RECORDS SHOWN
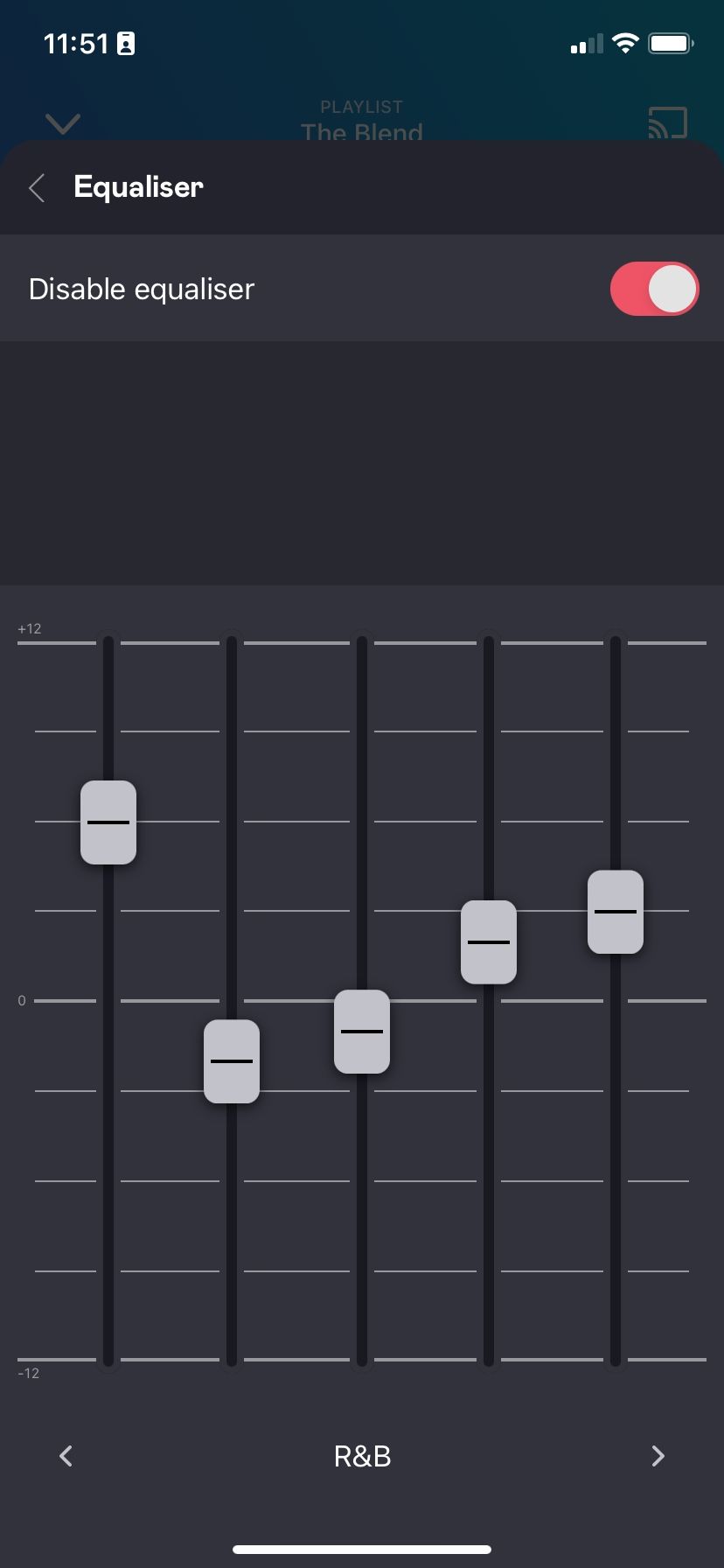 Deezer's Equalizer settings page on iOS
---
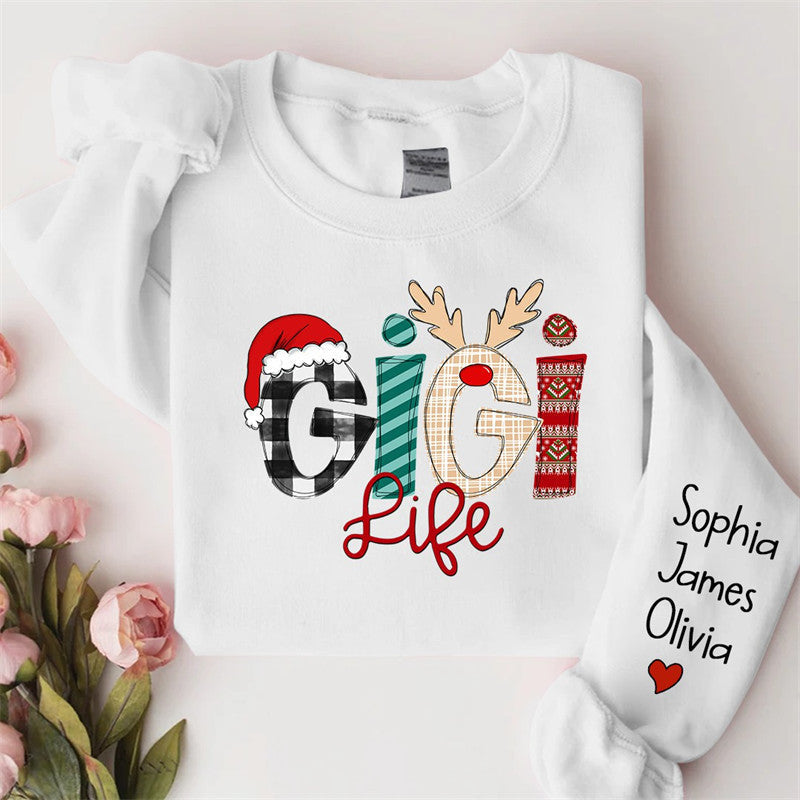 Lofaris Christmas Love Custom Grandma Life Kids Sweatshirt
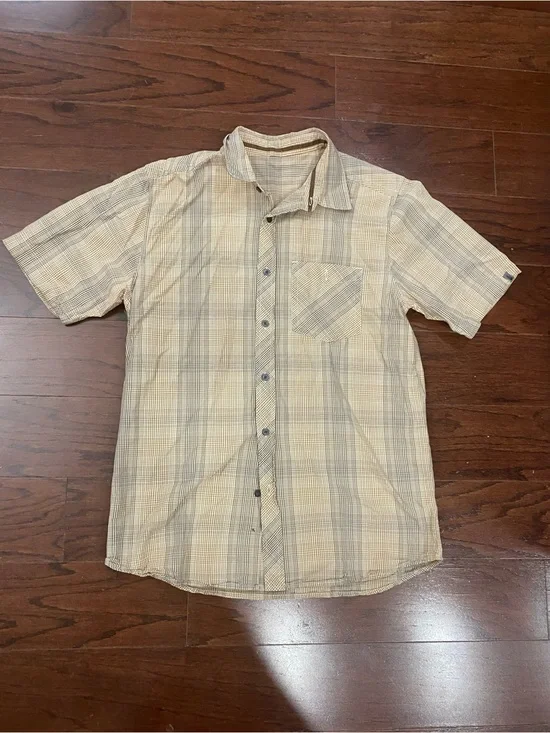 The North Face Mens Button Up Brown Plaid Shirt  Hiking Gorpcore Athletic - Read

WHAT TO DO
Produce an exact reproduction of the listing above, limited to the lines starting at the line with "Lofaris Christmas Love" and ending at the line with "The North Face", both kept, with every picture left out.

RESPONSE AREA
 Lofaris Christmas Love Custom Grandma Life Kids Sweatshirt
 The North Face Mens Button Up Brown Plaid Shirt  Hiking Gorpcore Athletic - Read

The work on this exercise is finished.